So then it's hard for someone to talk about that side of the question, without
feeling defensive from the very beginning.

------
overgard
Gah, the worst part of this is Firefox 57 is good enough that I want to switch
to it. I wish they would at least issue a "that was dumb we won't do it again"
statement or something.

------
unstatusthequo
I'd happily pay to use a Firefox that doesn't do this. There's the Mozilla
monetization problem solved and upholds trust and supports more good
development like 57.

------
z3t4
Lets compare Firefox with Windows or Mac or any other popular software that
you guys pour money on. What I find most interesting is why you pay premium to
get locked into a propriety closed source platform, getting "updates" pushed
to your systems all the time, like force feeding chickens. While I'm most
likely wrong I think this is actually a PR stunt, that somewhat backfired. At
least they got you talking about these issues.

------
dahdum
Eich says Mozilla is interested in integrating their BAT token into Firefox in
the future too.
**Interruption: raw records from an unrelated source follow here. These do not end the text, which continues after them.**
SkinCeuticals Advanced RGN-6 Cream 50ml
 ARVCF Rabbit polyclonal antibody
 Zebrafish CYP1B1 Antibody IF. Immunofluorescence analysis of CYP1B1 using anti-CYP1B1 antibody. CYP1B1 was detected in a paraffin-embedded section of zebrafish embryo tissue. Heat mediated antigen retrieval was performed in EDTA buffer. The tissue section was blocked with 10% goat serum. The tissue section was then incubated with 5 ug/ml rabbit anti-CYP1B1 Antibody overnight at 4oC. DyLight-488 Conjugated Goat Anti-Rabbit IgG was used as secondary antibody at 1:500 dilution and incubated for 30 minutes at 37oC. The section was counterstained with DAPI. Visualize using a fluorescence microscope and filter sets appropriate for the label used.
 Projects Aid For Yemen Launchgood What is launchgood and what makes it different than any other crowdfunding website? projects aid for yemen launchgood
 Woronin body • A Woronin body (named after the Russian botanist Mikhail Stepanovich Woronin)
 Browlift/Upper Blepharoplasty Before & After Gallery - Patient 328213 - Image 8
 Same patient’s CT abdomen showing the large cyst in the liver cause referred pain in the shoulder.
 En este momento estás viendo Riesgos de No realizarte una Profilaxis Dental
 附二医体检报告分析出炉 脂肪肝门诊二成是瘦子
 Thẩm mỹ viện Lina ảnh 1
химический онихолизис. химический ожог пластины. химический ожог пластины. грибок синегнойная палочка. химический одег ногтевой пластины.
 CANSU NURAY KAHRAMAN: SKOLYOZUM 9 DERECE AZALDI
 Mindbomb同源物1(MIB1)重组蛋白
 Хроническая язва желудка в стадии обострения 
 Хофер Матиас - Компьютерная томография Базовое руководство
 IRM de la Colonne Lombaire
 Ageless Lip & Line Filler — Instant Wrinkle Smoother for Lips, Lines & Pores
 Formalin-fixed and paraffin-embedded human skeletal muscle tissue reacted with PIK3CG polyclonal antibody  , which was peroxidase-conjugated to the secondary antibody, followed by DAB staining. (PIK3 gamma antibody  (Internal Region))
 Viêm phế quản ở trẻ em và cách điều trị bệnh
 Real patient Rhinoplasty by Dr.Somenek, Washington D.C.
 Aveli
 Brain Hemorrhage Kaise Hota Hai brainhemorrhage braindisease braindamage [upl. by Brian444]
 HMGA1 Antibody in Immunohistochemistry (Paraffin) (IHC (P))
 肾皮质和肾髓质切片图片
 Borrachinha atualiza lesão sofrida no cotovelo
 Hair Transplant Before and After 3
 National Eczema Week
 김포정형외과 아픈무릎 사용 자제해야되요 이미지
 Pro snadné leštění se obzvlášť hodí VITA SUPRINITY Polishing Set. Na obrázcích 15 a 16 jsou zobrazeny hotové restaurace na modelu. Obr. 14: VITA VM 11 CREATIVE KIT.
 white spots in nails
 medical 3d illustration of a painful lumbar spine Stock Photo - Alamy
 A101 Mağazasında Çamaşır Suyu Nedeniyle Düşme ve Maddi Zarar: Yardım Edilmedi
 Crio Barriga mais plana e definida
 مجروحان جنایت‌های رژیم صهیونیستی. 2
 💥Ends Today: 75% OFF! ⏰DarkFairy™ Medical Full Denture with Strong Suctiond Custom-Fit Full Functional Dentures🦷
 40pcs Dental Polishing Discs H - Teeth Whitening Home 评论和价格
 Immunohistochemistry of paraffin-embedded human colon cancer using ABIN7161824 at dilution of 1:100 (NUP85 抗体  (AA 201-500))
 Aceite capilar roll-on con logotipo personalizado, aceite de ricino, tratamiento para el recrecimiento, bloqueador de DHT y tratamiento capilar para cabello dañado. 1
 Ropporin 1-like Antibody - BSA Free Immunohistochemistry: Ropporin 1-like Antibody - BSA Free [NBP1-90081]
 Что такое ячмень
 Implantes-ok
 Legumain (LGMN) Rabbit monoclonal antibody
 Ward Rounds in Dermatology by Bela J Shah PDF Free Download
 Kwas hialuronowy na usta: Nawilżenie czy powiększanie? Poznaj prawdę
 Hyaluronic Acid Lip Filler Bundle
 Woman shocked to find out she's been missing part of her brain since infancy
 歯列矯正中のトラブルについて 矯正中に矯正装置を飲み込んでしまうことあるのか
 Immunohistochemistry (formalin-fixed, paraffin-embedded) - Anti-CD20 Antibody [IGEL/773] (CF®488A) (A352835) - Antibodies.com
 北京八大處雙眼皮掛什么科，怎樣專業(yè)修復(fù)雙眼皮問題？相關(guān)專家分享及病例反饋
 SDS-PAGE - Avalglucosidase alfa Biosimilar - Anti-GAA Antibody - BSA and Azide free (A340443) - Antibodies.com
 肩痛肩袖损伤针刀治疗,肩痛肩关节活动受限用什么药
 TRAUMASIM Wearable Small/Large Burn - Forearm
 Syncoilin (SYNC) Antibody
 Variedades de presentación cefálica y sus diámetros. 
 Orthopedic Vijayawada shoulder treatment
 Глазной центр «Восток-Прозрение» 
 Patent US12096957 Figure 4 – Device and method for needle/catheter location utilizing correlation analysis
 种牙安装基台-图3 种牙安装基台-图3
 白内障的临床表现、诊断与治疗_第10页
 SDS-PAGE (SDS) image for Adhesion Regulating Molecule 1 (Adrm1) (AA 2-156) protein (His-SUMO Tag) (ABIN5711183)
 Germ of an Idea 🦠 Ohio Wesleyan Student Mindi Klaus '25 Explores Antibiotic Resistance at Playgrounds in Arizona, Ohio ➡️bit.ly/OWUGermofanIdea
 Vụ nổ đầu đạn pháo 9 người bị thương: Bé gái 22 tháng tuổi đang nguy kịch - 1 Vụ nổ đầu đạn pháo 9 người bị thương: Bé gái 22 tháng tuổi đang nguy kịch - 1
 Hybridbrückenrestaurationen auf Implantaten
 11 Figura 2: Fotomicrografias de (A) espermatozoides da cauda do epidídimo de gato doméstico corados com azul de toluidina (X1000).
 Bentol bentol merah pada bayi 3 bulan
His ability to make that happen is partly why they got so much
funding and token sale proceeds.

[https://mobile.twitter.com/BrendanEich/status/94211584408716...](https://mobile.twitter.com/BrendanEich/status/942115844087169024)

------
shp0ngle
We now get ads bundled with OS (Windows 10, Android sort of, Amazon with
Ubuntu), ads bundled with browsers is just a little step further...

------
_Codemonkeyism
Everyone in Mozilla management has to go.

Mozilla again needs to be about a browser not about making money.

If $500M per year from G is not enough you're doing it wrong.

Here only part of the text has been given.